__RECORDS PROVIDED__:
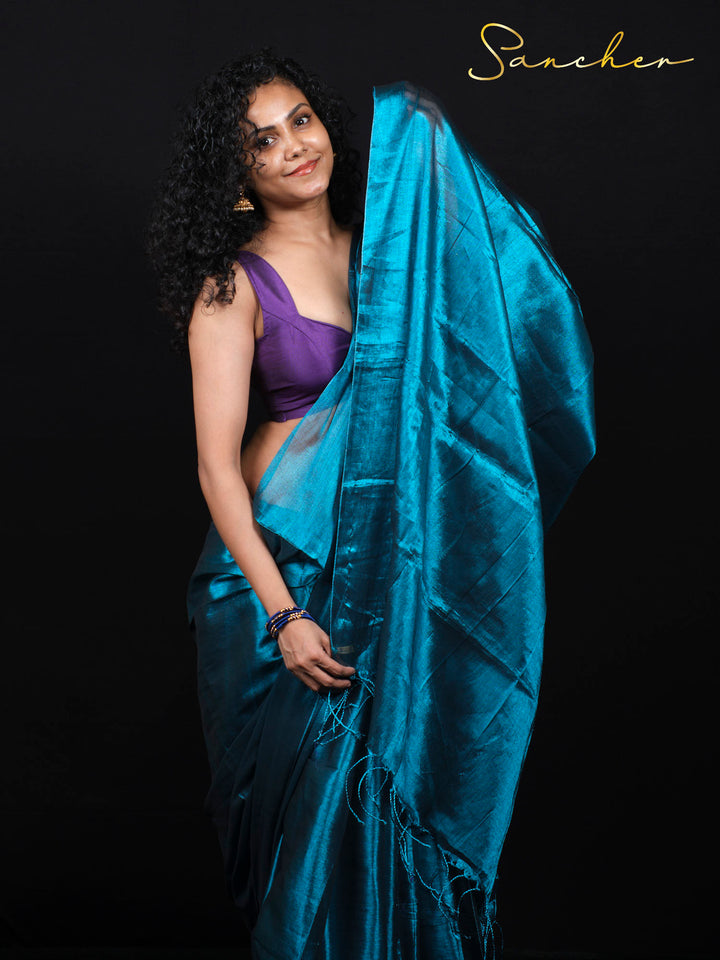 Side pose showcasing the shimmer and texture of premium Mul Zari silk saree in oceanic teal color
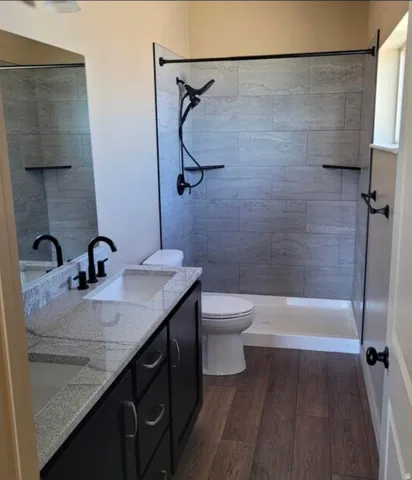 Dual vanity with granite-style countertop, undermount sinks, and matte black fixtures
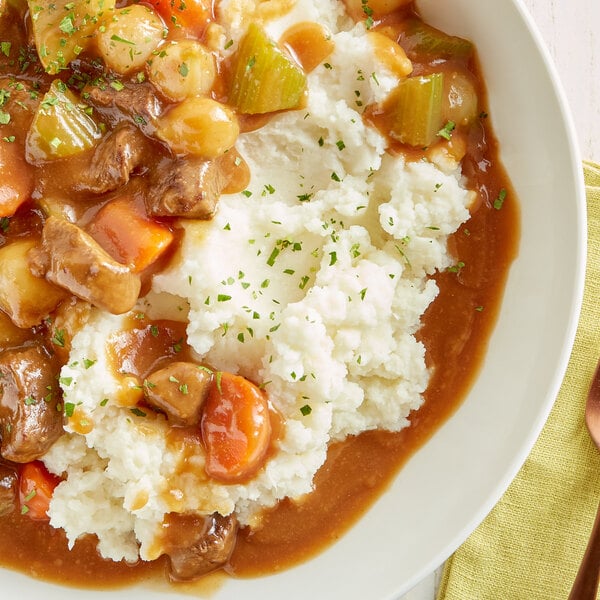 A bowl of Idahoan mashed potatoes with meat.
--
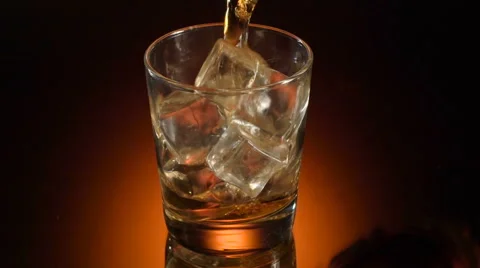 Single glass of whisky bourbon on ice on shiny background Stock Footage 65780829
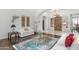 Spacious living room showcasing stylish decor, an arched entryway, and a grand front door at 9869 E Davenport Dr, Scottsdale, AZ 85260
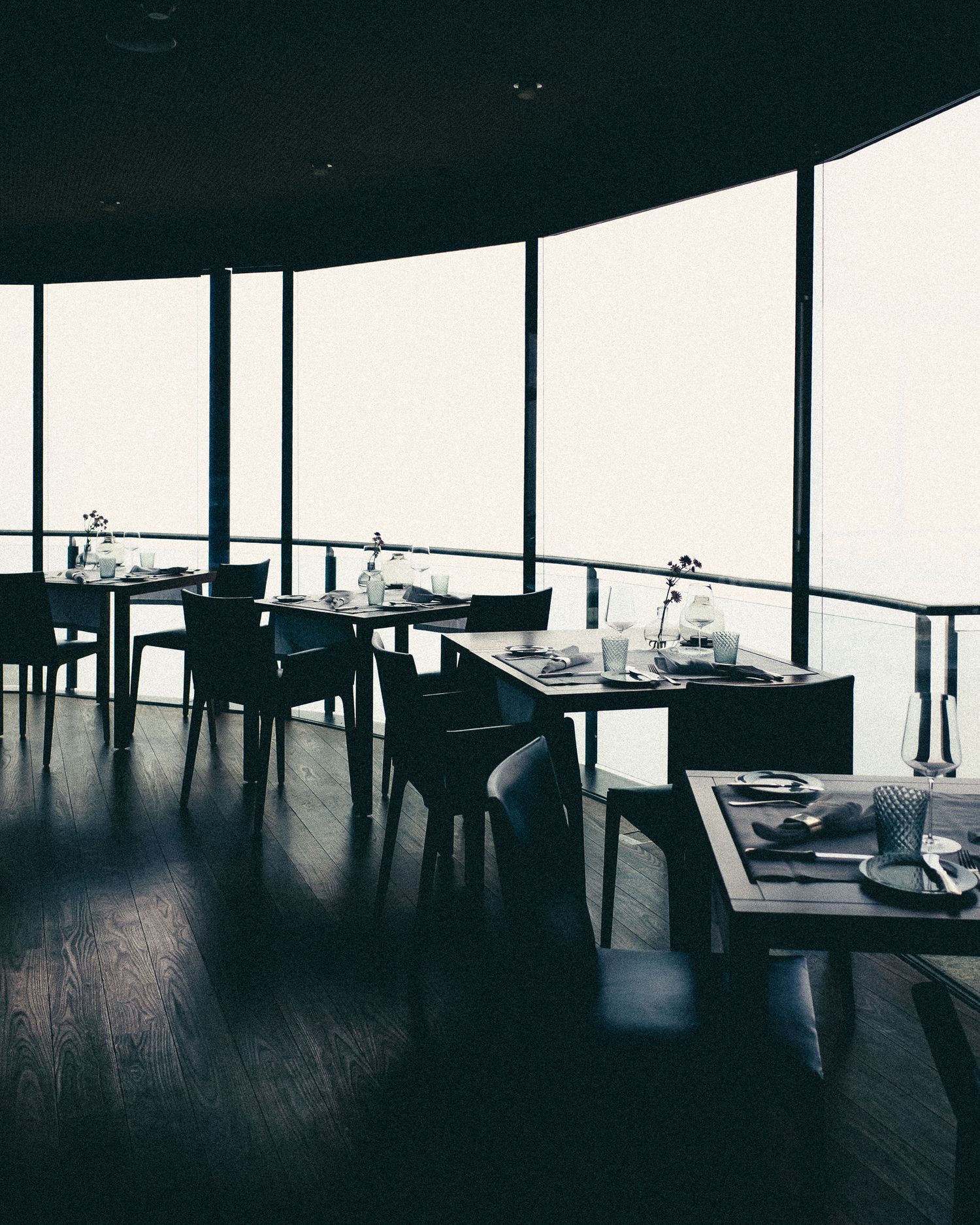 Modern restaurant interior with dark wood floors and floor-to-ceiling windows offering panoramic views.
--
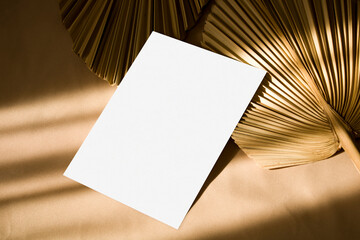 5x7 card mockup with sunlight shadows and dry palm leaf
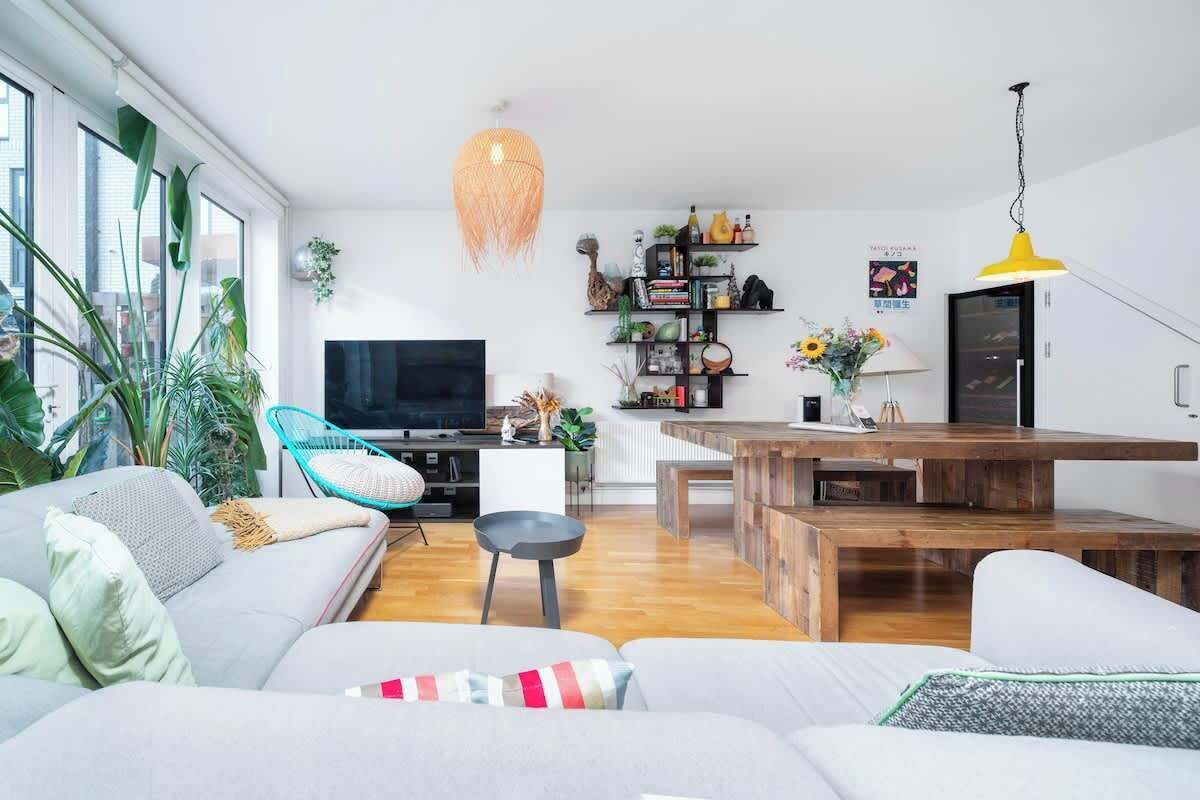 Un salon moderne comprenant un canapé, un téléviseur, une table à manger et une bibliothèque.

__WHAT YOU ARE ASKED TO DO__:
Take only the lines above from the one that has "5x7 card mockup" through the one that has "Un salon moderne" and reproduce them exactly, omitting any pictures.

__OUTPUT FOR THIS TASK__:
 5x7 card mockup with sunlight shadows and dry palm leaf
 Un salon moderne comprenant un canapé, un téléviseur, une table à manger et une bibliothèque.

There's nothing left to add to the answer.